Album Review: Blink 182 – Enema Of The State
Think of the year 1999, probably best known as the year when people discovered glow sticks and night clubs. But more importantly do you remember three guys named Tom, Mark and Travis running around in a music video with nothing on? The three piece who formed in Poway, California started out in 1992 and go by the name of Blink-182. Enema Of The State is the third studio album by Blink-182 which propelled them to success even more after its predecessor 1997’s Dude Ranch.
Enema Of The State begins with Dumpweed which is where we hear Delonge’s fast guitar riff and Barker’s immense drumming. This track highlights the improvements that Blink-182 made since Dude Ranch because of how clear the songs sound due to the production of the tracks. Bassist Mark Hoppus once did an acoustic version of Don’t Leave Me and joked that teenagers came up to him all the time saying that when they bought a new guitar they learnt this track in the space of five minutes. The track has an excellent bridge where we’re able to hear Mark Hoppus’ bass line. The great thing about Hoppus is that he tries to keep the bass very significant in all Blink tracks which is fantastic because he shows that the bass guitar is not there just for keeping time.
Aliens Exist is based on Tom Delonge’s beliefs in UFO’s and aliens as lyrics suggest “What if people knew that these were real/I’d leave my closet door open all night/I know the CIA would say/What you hear is all hearsay/I wish someone would tell me what was right.” Remember the question I asked in the opening paragraph about three guys running around in a music video completely naked? Well the song to that music video is one of Blink’s greatest hits, What’s My Age Again? This is where we see some technical guitar playing from Tom Delonge. The track is upbeat and has a catchy chorus with Mark Hoppus questioning himself about how old he is.
Adam’s Song is one of the darker songs in Blink’s repertoire as it deals with the daunting topic of suicide. Adam’s Song references Nirvana’s Come As You Are with Nirvana’s lyrics stating “Take your time, hurry up, the choice is yours, don’t be late” and Blink’s “I took my time, I hurried up, The choice was mine, I didn’t think enough.” All The Small Things is probably the most recognised song from Blink’s back catalogue as the chorus should resonate with every single 90s teenager “Say it ain’t so I will not go/Turn the lights off/Carry me home/Na, na, na, na/Na, na, na, na, na, na, na, na, na, na, na.” The simplicity of the chorus proves how bands like Blink-182 never had to be technically accomplished in order to hit the big time.
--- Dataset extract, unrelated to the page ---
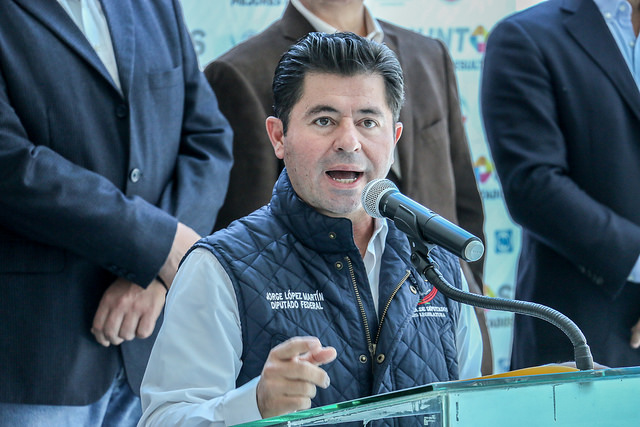 Juez federal ordena a locutor conceder derecho de réplica a Jorge López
Hits like All The Small Things show you why Blink-182 are one of the best bands out there.
The Party Song is about Hoppus talking about going to party which didn’t meet his expectations as lyrics suggest “This place is so lame all these girls look the same/All these guys have no game I wish I would have stayed/In my bed back at home watching TV alone.” There is more but I probably shouldn’t say it here! The toilet humour that Hoppus puts across is so spot on because every teenager thinks parties are the pinnacle of their lives but more often than not they are an anti-climax. Mutt is where we’re able to hear Hoppus’ brilliant bass line which sticks out in this track like a sore thumb; once again Mark Hoppus proves that the bass guitar isn’t a boring instrument. Anthem is the first part of the “Anthems” as on Take Off Your Pants & Jacket the opening song is Anthem Part 2. The song is based on having a party while your parents are away – “White lies, bloodshot eyes/Breath of alcohol, stole it from the mall/How’s Chris marked with lipstick.”
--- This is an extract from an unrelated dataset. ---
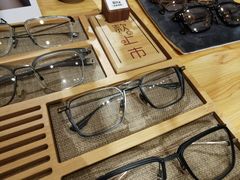 -肆兮眼镜·蔡司·徕卡战略合作店(大坪店)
Best remembered for it’s raunchy cover of Janine Lindemulder dressed as a nurse, Enema of the State would make the teenagers drop their glow sticks and reminisce about their youth, from throwing parties to questioning their age. This is what caused Blink’s music to stand out from the crowd in the 90s because of how well their albums embodied the nostalgia about your teenage years. By doing this and accompanying it with hilarious humour, it’s understandable why their comeback in 2009 was so important because for four years the music industry had lost one of its greatest talents.